• _WHAT THE EXERCISE ASKS_:
The answer is to be an exact copy of the lines below running from the line with "Leaf Jewelry Silber" down to the line with "Tree with birds flying around tattoo idea", both ends included, and nothing more.

• _INPUT DATA_:
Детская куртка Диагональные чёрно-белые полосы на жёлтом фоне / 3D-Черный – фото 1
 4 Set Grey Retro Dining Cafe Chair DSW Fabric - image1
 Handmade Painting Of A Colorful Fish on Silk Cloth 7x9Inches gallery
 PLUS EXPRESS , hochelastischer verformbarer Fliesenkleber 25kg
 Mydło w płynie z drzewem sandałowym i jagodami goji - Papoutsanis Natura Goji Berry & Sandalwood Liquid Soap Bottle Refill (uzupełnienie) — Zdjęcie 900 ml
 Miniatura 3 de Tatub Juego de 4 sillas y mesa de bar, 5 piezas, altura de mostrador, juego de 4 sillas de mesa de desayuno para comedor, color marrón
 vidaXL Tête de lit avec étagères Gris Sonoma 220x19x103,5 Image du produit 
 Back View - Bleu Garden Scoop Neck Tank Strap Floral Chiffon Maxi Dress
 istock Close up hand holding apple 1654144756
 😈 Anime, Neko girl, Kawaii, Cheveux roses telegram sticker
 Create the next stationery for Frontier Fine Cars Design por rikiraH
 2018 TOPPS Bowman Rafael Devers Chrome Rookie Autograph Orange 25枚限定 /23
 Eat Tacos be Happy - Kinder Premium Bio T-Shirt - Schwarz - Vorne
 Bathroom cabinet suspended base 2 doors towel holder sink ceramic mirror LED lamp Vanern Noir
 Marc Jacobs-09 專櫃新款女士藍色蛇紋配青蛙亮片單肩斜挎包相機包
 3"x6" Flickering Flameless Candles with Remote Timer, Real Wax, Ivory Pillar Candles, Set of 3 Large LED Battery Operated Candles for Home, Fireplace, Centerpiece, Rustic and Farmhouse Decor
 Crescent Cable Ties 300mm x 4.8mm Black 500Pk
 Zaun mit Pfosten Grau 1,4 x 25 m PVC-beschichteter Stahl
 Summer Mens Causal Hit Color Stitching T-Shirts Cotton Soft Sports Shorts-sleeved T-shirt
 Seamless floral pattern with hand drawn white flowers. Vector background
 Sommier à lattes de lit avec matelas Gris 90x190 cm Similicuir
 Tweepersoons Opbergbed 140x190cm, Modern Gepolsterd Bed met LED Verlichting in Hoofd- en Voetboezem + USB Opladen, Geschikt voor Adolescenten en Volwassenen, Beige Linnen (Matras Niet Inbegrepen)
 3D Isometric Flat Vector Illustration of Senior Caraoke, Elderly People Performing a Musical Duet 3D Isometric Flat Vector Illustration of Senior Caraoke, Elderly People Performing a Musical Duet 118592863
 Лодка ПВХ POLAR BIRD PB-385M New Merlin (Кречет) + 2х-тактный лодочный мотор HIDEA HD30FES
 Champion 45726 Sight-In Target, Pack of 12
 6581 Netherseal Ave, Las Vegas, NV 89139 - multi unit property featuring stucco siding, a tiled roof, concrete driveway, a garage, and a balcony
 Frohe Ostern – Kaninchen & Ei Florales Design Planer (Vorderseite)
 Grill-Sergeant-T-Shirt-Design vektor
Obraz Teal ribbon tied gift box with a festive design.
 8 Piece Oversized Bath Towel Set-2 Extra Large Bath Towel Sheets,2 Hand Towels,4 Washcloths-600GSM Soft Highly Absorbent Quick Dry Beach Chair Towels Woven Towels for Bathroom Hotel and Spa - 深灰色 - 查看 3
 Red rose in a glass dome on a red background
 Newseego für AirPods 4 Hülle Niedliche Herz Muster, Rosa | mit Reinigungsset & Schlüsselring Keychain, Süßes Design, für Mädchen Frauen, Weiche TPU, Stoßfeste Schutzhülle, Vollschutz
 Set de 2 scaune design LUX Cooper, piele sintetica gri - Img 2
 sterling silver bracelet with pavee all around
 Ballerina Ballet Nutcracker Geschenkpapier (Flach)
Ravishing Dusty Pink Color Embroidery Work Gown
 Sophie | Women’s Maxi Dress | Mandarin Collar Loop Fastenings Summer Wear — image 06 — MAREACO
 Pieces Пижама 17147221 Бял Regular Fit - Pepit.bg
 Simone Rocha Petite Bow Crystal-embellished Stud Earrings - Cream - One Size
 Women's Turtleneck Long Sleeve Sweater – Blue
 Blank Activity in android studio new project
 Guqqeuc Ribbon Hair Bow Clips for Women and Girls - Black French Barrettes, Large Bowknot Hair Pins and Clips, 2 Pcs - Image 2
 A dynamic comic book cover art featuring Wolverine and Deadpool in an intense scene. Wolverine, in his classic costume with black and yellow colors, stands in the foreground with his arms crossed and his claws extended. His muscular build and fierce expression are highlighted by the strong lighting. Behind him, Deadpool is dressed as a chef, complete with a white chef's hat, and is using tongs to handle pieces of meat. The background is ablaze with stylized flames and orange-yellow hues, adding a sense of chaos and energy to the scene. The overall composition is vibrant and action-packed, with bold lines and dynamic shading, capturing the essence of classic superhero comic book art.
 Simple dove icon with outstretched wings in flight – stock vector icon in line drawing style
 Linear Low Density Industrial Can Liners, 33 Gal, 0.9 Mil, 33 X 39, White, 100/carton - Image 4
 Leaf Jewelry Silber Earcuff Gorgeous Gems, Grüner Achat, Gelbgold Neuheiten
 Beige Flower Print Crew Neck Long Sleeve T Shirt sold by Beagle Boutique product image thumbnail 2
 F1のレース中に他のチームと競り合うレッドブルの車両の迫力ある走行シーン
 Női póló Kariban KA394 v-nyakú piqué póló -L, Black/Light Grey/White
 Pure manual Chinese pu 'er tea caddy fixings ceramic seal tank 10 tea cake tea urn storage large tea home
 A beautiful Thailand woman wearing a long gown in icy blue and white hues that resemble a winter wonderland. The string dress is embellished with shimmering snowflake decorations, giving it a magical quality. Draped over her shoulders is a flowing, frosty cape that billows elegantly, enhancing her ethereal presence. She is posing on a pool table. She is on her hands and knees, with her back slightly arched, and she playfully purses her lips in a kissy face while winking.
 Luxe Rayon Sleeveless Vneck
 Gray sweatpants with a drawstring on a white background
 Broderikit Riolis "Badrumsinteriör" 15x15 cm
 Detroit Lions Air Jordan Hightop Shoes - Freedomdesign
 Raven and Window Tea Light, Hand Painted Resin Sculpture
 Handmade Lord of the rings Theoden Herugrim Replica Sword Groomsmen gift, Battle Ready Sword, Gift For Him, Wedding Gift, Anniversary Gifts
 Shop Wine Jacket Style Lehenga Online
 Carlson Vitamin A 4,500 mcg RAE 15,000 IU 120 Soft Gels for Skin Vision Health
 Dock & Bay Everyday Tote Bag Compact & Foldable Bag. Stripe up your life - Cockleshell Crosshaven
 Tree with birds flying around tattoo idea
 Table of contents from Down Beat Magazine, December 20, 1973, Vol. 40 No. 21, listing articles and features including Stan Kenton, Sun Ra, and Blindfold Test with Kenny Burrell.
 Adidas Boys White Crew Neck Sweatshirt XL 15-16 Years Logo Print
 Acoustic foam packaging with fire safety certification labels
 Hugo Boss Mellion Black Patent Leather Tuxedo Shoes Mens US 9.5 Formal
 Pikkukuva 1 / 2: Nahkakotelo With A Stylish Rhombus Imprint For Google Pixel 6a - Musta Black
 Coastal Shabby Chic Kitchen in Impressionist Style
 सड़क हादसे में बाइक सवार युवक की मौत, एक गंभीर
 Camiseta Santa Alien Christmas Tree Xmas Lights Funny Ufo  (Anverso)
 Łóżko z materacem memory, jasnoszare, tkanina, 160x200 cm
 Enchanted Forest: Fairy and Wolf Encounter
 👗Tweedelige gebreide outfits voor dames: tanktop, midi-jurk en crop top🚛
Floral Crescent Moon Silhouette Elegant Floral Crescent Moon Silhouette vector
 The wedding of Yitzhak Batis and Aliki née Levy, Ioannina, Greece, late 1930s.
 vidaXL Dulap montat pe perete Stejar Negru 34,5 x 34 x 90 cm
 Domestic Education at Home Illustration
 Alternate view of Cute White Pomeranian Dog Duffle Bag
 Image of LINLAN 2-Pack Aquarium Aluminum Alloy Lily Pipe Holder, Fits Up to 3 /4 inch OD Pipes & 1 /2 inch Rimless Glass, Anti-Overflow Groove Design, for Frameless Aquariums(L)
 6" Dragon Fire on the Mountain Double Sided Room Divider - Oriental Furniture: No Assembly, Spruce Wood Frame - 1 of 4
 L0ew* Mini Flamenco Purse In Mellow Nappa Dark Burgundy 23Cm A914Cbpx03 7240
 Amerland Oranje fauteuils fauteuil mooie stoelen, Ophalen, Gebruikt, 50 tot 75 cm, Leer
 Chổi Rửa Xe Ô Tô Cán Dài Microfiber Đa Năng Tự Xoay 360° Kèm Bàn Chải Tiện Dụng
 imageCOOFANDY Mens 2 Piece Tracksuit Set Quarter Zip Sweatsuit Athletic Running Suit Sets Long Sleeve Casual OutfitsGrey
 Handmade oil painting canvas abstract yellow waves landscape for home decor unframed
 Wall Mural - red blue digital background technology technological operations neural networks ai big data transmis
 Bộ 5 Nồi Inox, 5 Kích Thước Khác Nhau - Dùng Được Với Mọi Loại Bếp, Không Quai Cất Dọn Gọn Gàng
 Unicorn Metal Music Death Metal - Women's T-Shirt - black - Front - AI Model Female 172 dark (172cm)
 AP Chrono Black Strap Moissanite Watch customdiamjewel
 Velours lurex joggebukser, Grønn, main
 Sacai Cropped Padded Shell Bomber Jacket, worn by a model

• _SOLUTION_:
 Leaf Jewelry Silber Earcuff Gorgeous Gems, Grüner Achat, Gelbgold Neuheiten
 Beige Flower Print Crew Neck Long Sleeve T Shirt sold by Beagle Boutique product image thumbnail 2
 F1のレース中に他のチームと競り合うレッドブルの車両の迫力ある走行シーン
 Női póló Kariban KA394 v-nyakú piqué póló -L, Black/Light Grey/White
 Pure manual Chinese pu 'er tea caddy fixings ceramic seal tank 10 tea cake tea urn storage large tea home
 A beautiful Thailand woman wearing a long gown in icy blue and white hues that resemble a winter wonderland. The string dress is embellished with shimmering snowflake decorations, giving it a magical quality. Draped over her shoulders is a flowing, frosty cape that billows elegantly, enhancing her ethereal presence. She is posing on a pool table. She is on her hands and knees, with her back slightly arched, and she playfully purses her lips in a kissy face while winking.
 Luxe Rayon Sleeveless Vneck
 Gray sweatpants with a drawstring on a white background
 Broderikit Riolis "Badrumsinteriör" 15x15 cm
 Detroit Lions Air Jordan Hightop Shoes - Freedomdesign
 Raven and Window Tea Light, Hand Painted Resin Sculpture
 Handmade Lord of the rings Theoden Herugrim Replica Sword Groomsmen gift, Battle Ready Sword, Gift For Him, Wedding Gift, Anniversary Gifts
 Shop Wine Jacket Style Lehenga Online
 Carlson Vitamin A 4,500 mcg RAE 15,000 IU 120 Soft Gels for Skin Vision Health
 Dock & Bay Everyday Tote Bag Compact & Foldable Bag. Stripe up your life - Cockleshell Crosshaven
 Tree with birds flying around tattoo idea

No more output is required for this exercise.